## Task statement
Repeat only the lines below that run from the line with "Hello everybody, Pride48" to the line with "Hello everybody and", ends included; skip every picture.

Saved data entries

================================

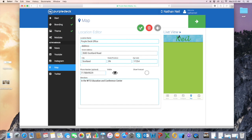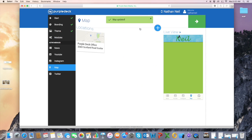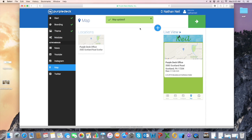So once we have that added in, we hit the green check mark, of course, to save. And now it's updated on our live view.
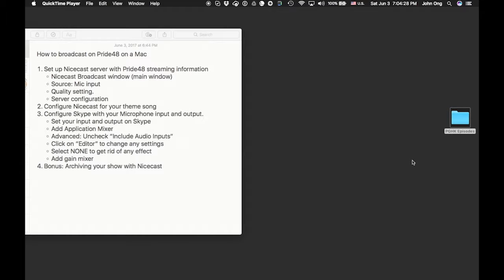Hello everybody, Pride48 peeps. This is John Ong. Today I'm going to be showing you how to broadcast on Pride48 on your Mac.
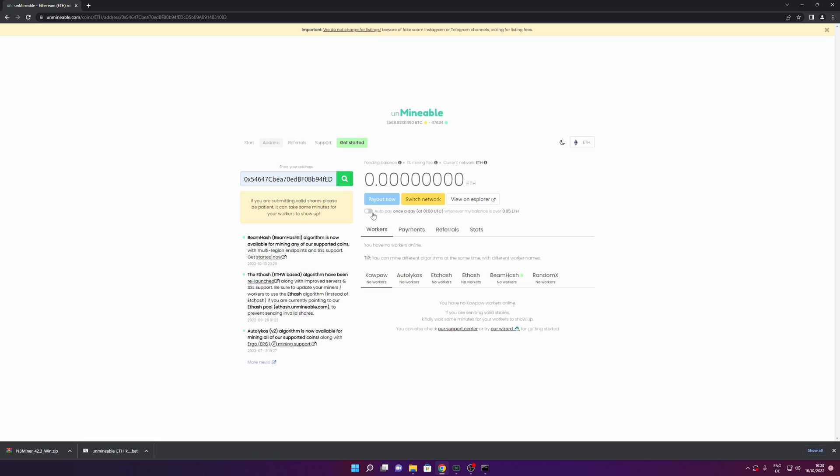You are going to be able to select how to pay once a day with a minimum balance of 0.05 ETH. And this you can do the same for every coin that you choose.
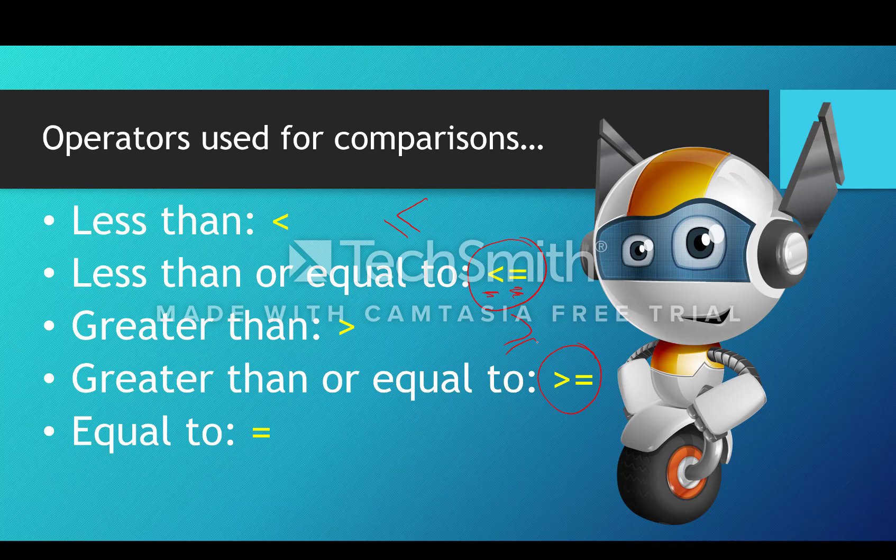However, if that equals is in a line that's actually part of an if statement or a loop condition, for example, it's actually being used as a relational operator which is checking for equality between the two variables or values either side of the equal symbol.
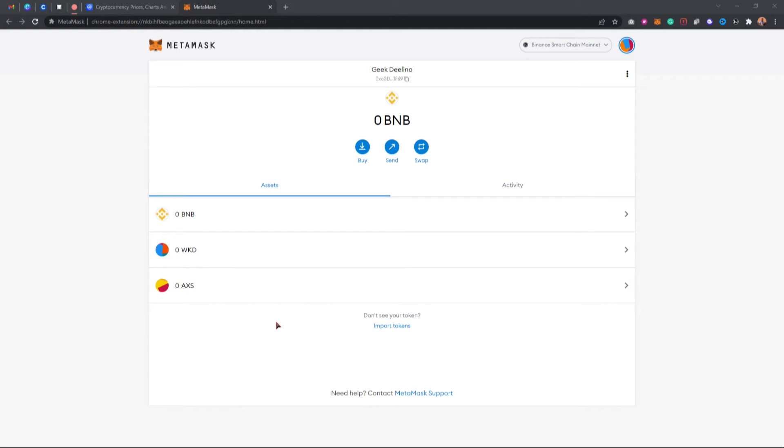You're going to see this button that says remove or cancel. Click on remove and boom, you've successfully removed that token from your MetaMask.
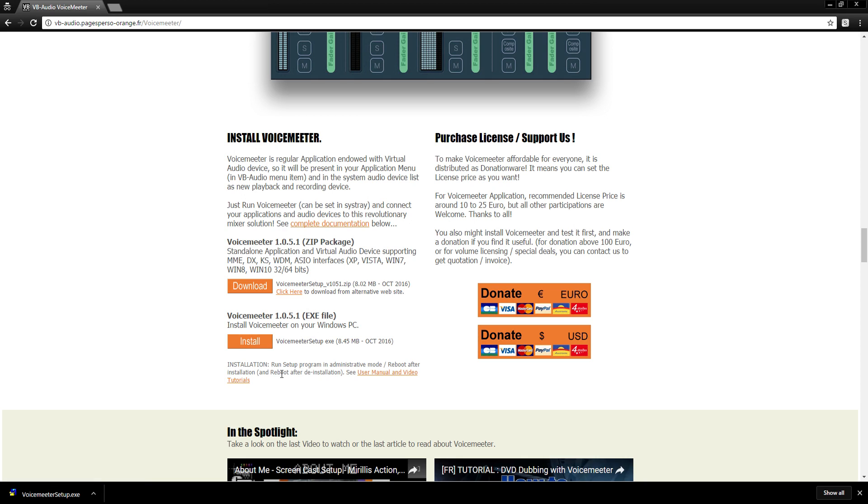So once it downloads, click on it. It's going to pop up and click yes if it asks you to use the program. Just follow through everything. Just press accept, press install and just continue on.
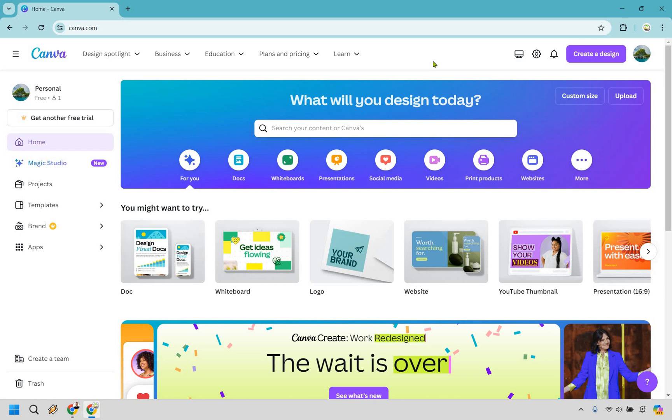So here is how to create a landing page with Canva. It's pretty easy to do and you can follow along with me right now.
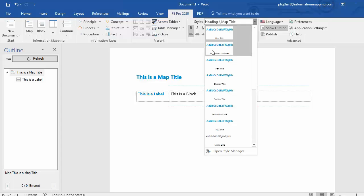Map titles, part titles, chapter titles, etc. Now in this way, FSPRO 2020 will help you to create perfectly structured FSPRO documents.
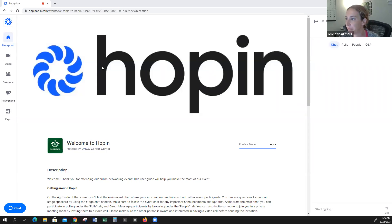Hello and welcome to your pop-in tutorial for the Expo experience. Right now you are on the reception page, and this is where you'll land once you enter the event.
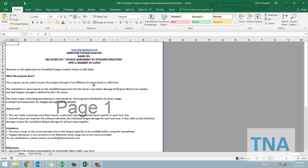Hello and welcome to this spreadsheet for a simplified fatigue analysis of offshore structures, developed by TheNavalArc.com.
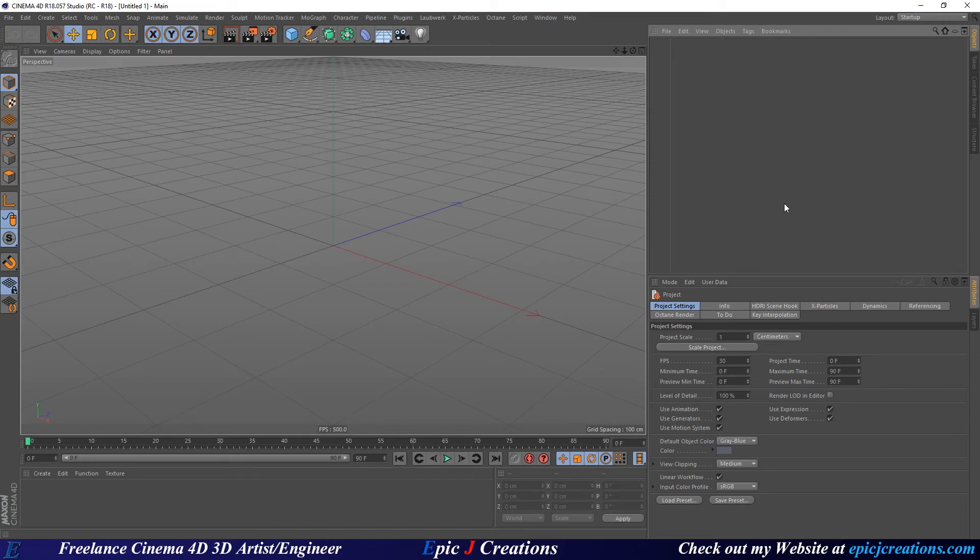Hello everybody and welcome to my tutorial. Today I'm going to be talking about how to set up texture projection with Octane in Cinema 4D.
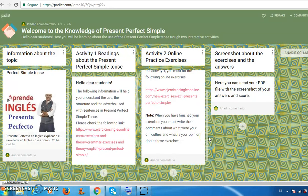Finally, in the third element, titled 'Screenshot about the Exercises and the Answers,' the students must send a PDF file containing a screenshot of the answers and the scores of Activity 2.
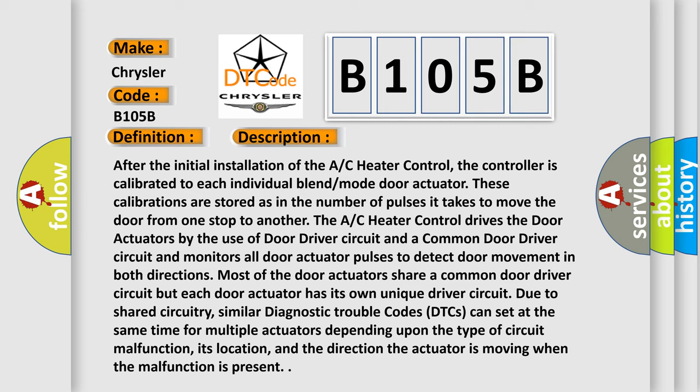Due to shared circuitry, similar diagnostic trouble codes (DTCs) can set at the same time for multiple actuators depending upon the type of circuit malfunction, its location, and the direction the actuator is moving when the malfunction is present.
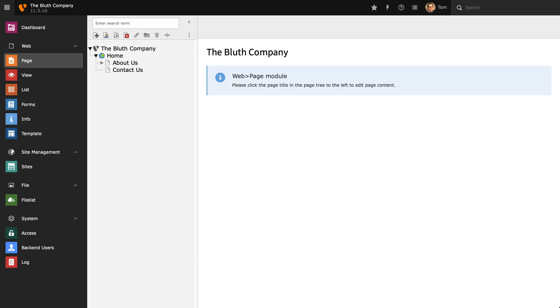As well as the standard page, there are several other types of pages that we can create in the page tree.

================================

## Task answer
Hello everybody, Pride48 peeps. This is John Ong. Today I'm going to be showing you how to broadcast on Pride48 on your Mac.
You are going to be able to select how to pay once a day with a minimum balance of 0.05 ETH. And this you can do the same for every coin that you choose.
However, if that equals is in a line that's actually part of an if statement or a loop condition, for example, it's actually being used as a relational operator which is checking for equality between the two variables or values either side of the equal symbol.
You're going to see this button that says remove or cancel. Click on remove and boom, you've successfully removed that token from your MetaMask.
So once it downloads, click on it. It's going to pop up and click yes if it asks you to use the program. Just follow through everything. Just press accept, press install and just continue on.
So here is how to create a landing page with Canva. It's pretty easy to do and you can follow along with me right now.
Map titles, part titles, chapter titles, etc. Now in this way, FSPRO 2020 will help you to create perfectly structured FSPRO documents.
Hello and welcome to your pop-in tutorial for the Expo experience. Right now you are on the reception page, and this is where you'll land once you enter the event.
Hello and welcome to this spreadsheet for a simplified fatigue analysis of offshore structures, developed by TheNavalArc.com.
Hello everybody and welcome to my tutorial. Today I'm going to be talking about how to set up texture projection with Octane in Cinema 4D.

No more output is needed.